TASK STATEMENT
In this exercise, print only the lines from the line with "Antique mahogany side" to the last line of the data below, inclusive. Any pictures should be left out.
===== ENTRIES PROVIDED
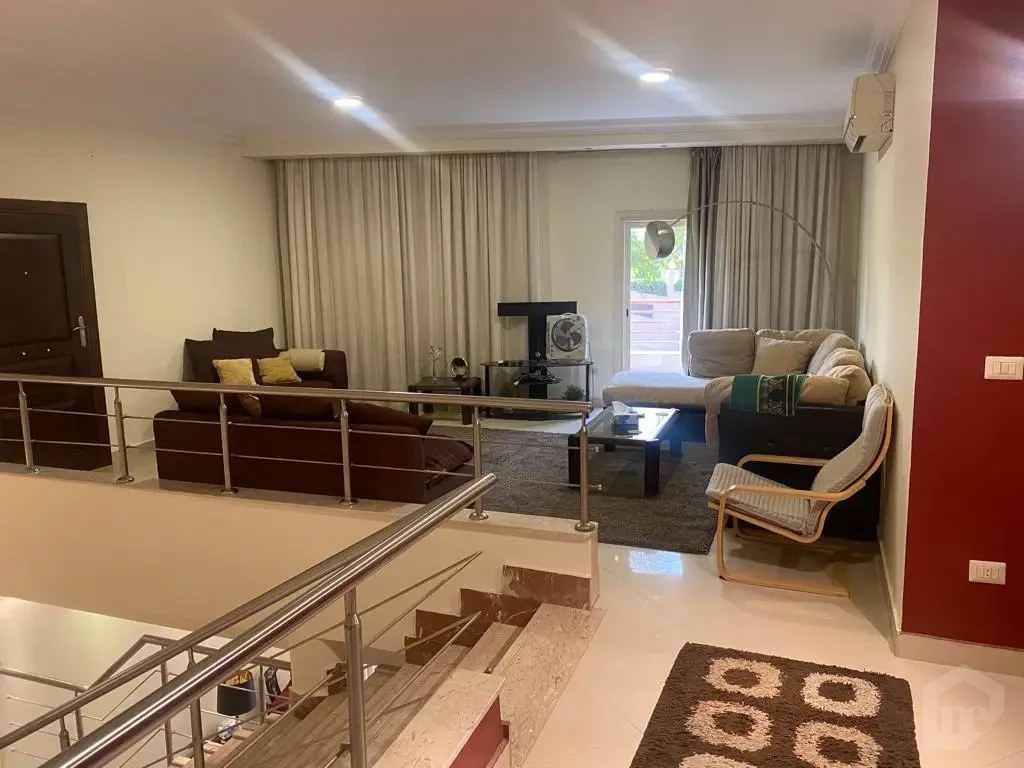 دوبلكس 300 متر للأيجار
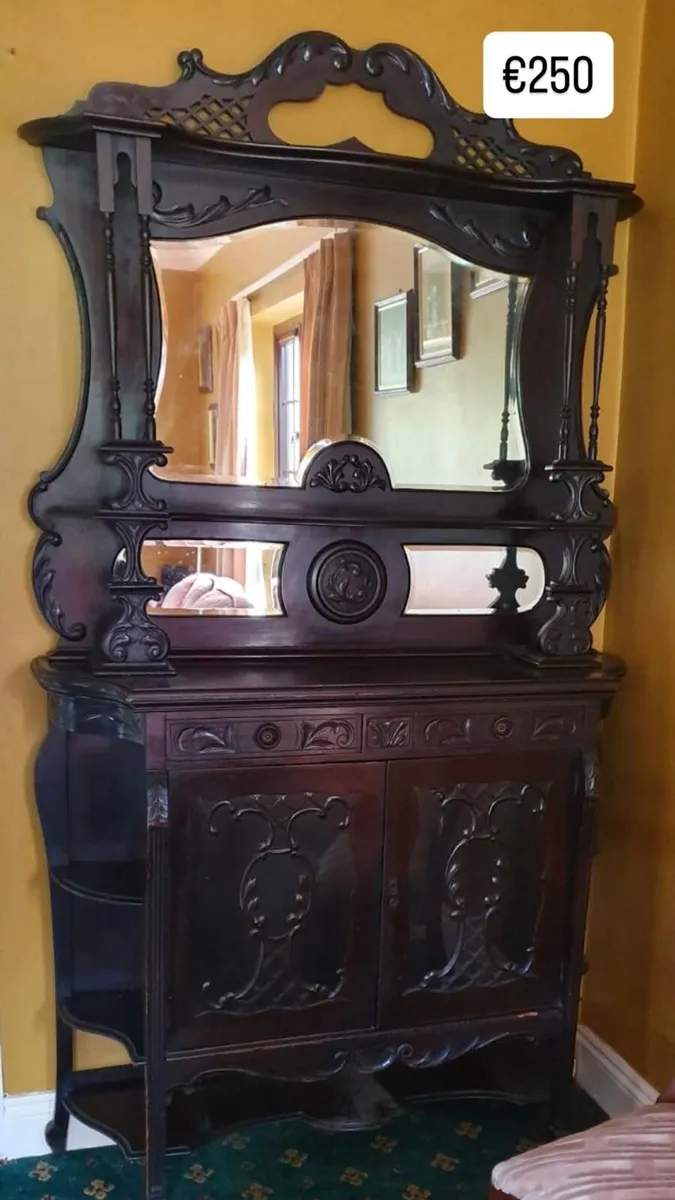 Antique mahogany side board cabinet *Reduced* - Image 1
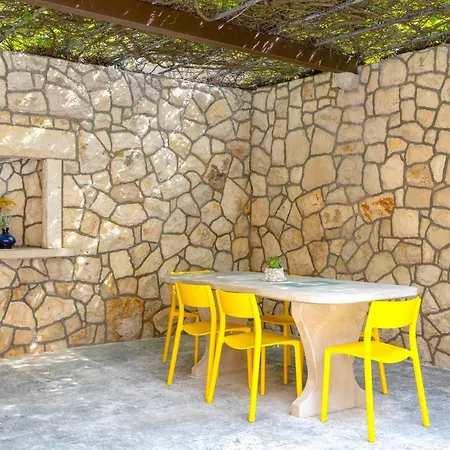 Mediterranean Summer House فيلة هفار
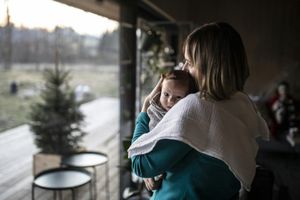 Začala kulturní bitva o náhradní matky. Zakáže Česko surogaci?, Andrea Procházková, Erik Tabery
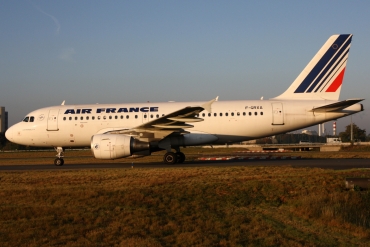 F-GRXA (1640) 2001 Airbus A319-111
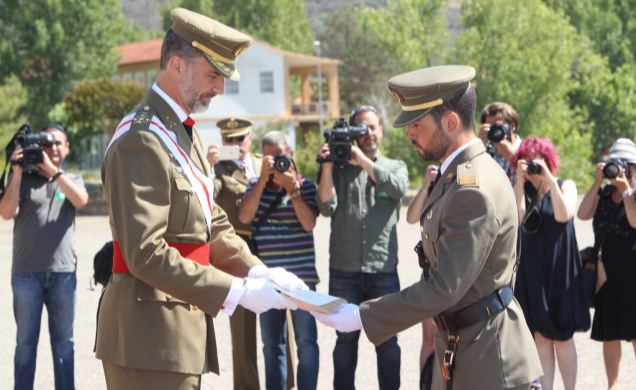 Su Majestad el Rey entrega el despacho al número uno de la XL Promoción, el sargento Víctor Manuel Varela Megido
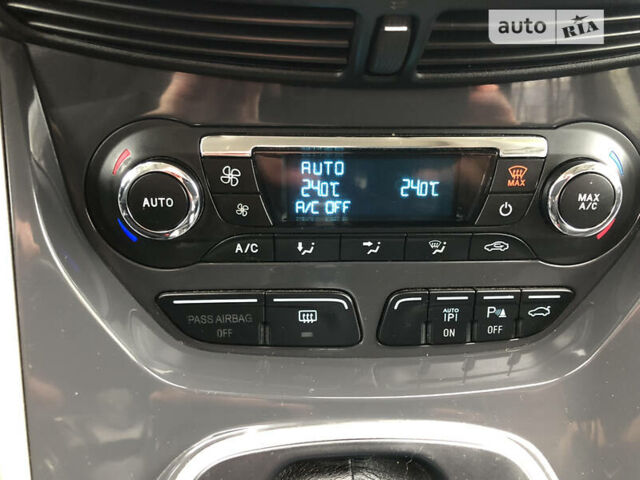 Зеленый Форд Эскейп, объемом двигателя 2 л и пробегом 135 тыс. км за 12500 $, фото 27 на Automoto.ua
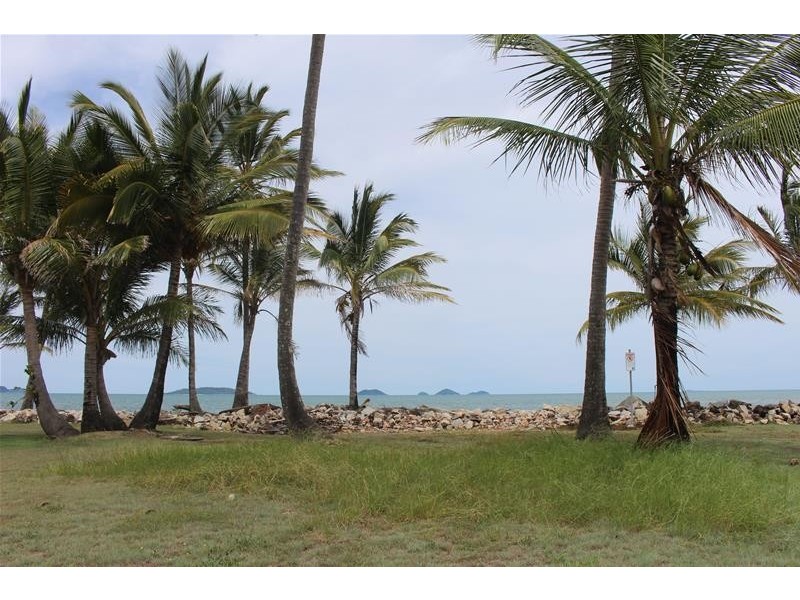 Lot 909, 24 Taylor Street, Tully Heads QLD 4854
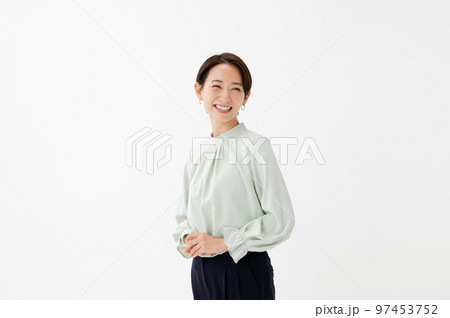 女性　白バック 97453752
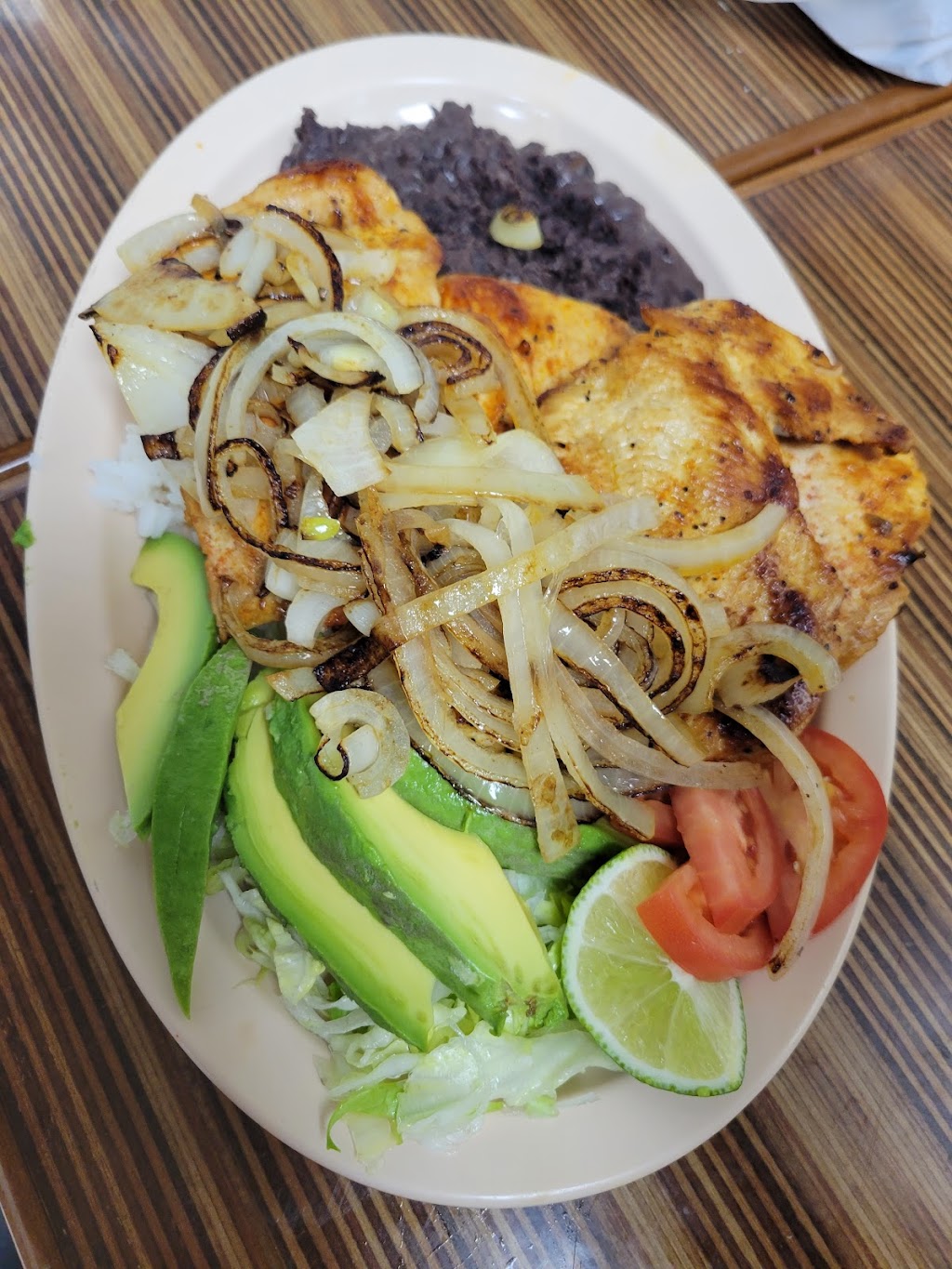 EL Sabrocito | restaurant | 2101 E Market St, Greensboro, NC 27401, USA | 3367635336 OR +1 336-763-5336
==========
ANSWER TO THIS PROBLEM
 Antique mahogany side board cabinet *Reduced* - Image 1
 Mediterranean Summer House فيلة هفار
 Začala kulturní bitva o náhradní matky. Zakáže Česko surogaci?, Andrea Procházková, Erik Tabery
 F-GRXA (1640) 2001 Airbus A319-111
 Su Majestad el Rey entrega el despacho al número uno de la XL Promoción, el sargento Víctor Manuel Varela Megido
 Зеленый Форд Эскейп, объемом двигателя 2 л и пробегом 135 тыс. км за 12500 $, фото 27 на Automoto.ua
 Lot 909, 24 Taylor Street, Tully Heads QLD 4854
 女性　白バック 97453752
 EL Sabrocito | restaurant | 2101 E Market St, Greensboro, NC 27401, USA | 3367635336 OR +1 336-763-5336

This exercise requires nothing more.